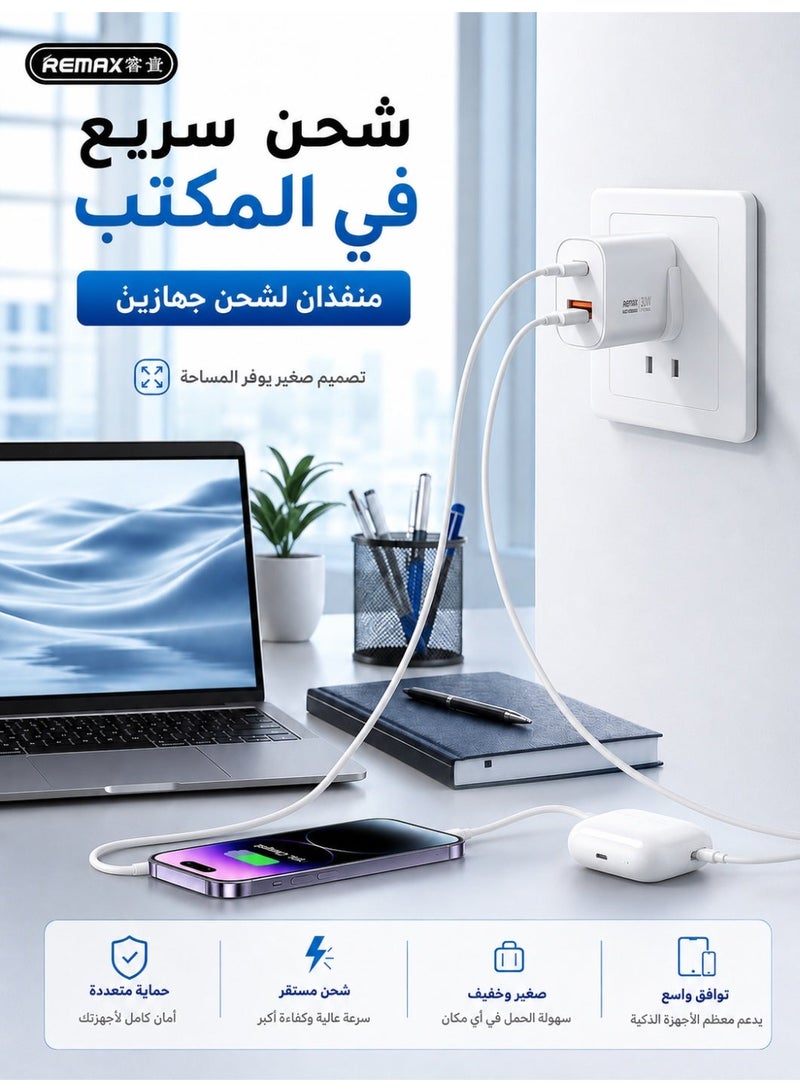 REMAX 30W GaN Fast Charger UK Plug, Dual Port Type-C 30W + USB-A 18W Wall Charger, Compact Lightweight Adapter for Phone and Tablet - Image 5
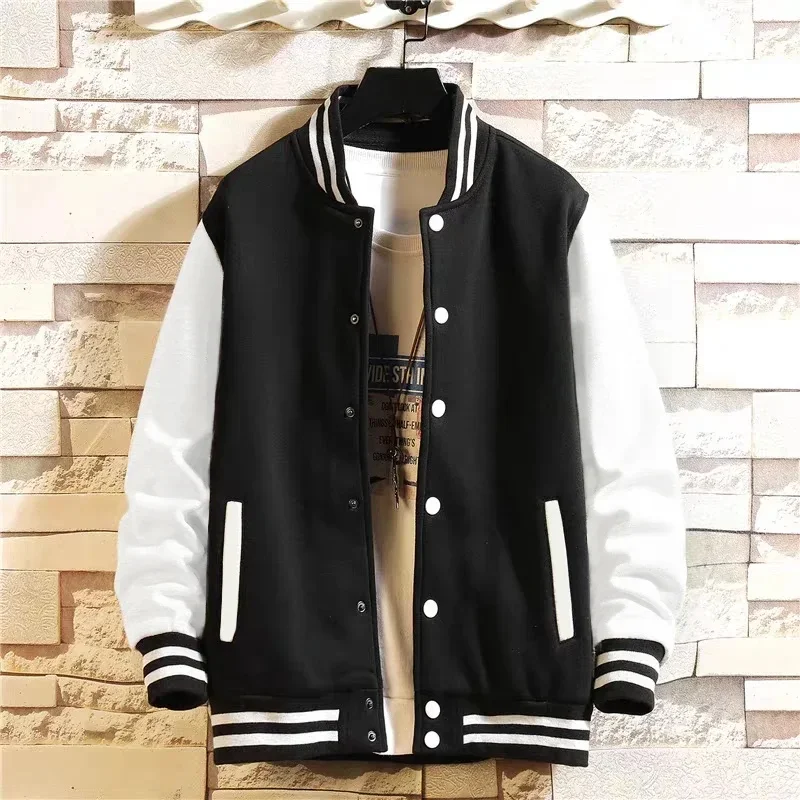AliExpress Black Gray White Solid Color Jacket Loose Oversize S-5XL Clothes Men Women Baseball Uniform Street Coat Warm Fleece Soft Jackets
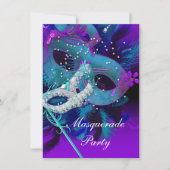 Invitation Bal masqué Teal Blue Purple Masques (Devant)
★ ★ ★ ★ ★ ★ ★
> Task brief:
Line by line, return the listing above exactly, leaving out its pictures.

> Solved exercise:
 REMAX 30W GaN Fast Charger UK Plug, Dual Port Type-C 30W + USB-A 18W Wall Charger, Compact Lightweight Adapter for Phone and Tablet - Image 5
AliExpress Black Gray White Solid Color Jacket Loose Oversize S-5XL Clothes Men Women Baseball Uniform Street Coat Warm Fleece Soft Jackets
 Invitation Bal masqué Teal Blue Purple Masques (Devant)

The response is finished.